The other problem is that to do a good prevention trial, you need to identify people at risk. We aren't really that good at doing this (eg we screen ALL women above the age of 50 for breast cancer, we screen EVERYONE above the age of 50 for bowel cancer). There is some debate about whether screening in this manner is actually as worth wile as it has been made out to be, because it leads to over diagnosis without a survival benefit. So you have to be careful not to design an intervention that only prevents cancer in those who weren't going to be affected by it anyway. This is why you can't use surrogate end points - at the end of the day, for prevention, mortality is what matters. Are we going to give hundreds of millions of women drug X and make them suffer niggling side effects for 20 years because it reduces the rate of diagnosis of breast cancer? Definitely not - overall mortality is what matters (and quality of life).

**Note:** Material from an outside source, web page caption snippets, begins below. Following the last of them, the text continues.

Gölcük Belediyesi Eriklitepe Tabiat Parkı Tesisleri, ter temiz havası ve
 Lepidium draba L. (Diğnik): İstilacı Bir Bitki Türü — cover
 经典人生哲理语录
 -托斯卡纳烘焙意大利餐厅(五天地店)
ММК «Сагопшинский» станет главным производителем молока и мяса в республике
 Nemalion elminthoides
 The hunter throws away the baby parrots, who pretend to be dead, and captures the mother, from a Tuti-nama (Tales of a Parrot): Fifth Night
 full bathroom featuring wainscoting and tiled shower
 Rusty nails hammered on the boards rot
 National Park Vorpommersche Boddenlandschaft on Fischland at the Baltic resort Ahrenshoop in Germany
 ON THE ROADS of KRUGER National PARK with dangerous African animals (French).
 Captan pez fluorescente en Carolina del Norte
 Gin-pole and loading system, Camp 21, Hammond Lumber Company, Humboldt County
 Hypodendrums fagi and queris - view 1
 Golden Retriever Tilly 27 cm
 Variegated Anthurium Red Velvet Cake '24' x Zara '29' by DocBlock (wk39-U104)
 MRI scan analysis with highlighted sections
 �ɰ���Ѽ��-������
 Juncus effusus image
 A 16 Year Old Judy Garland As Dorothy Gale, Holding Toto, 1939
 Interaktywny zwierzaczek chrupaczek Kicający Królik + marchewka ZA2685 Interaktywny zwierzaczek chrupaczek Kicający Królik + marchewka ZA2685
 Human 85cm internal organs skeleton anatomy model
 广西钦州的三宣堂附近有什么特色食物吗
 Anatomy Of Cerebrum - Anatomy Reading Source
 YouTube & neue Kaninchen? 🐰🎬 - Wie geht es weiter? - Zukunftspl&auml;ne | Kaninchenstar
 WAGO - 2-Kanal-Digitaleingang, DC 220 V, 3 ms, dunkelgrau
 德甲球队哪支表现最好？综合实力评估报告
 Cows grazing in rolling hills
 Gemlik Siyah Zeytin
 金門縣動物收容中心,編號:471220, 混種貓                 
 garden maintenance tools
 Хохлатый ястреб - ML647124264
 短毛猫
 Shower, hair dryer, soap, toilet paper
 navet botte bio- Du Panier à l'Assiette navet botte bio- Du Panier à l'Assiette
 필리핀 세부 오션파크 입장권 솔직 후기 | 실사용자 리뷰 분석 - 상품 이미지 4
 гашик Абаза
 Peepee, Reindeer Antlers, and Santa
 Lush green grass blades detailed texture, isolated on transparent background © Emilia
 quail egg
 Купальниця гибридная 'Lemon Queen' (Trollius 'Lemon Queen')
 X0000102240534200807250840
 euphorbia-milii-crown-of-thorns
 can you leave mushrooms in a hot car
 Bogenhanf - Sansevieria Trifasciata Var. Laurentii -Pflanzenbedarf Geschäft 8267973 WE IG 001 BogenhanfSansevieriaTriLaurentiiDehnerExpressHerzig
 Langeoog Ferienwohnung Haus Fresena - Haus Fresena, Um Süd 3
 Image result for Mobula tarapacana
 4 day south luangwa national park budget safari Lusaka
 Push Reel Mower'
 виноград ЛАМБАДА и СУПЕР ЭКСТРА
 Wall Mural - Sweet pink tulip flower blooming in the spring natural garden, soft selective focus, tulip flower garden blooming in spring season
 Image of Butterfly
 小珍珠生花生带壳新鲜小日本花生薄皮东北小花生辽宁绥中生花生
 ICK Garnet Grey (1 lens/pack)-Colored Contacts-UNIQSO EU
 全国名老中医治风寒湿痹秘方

It's not even a given that you can actually identify people at risk - some researchers think cancer is just bad luck (ie it is not predictable at all, or the predicting factors are unknowable). Even if this is wrong however, cancer risk probably involves weak effects from hundreds or even thousands of factors. We are very far from working all of this out.
A drug is probably not what we want. Actually a drug is really not what we want. They are too expensive and too much effort to distribute and monitor. Drugs also always produce health inequalities within and between nations. A holistic approach to improving our health and well being would be preferable, at least incorporating nutrition, exercise and psychology. Unfortunately the nutritional, exercise and psychological sciences are not hitting home runs in that regard, which is not surprising because they miss out on the billions we spend fighting an incredibly wasteful war on cancer.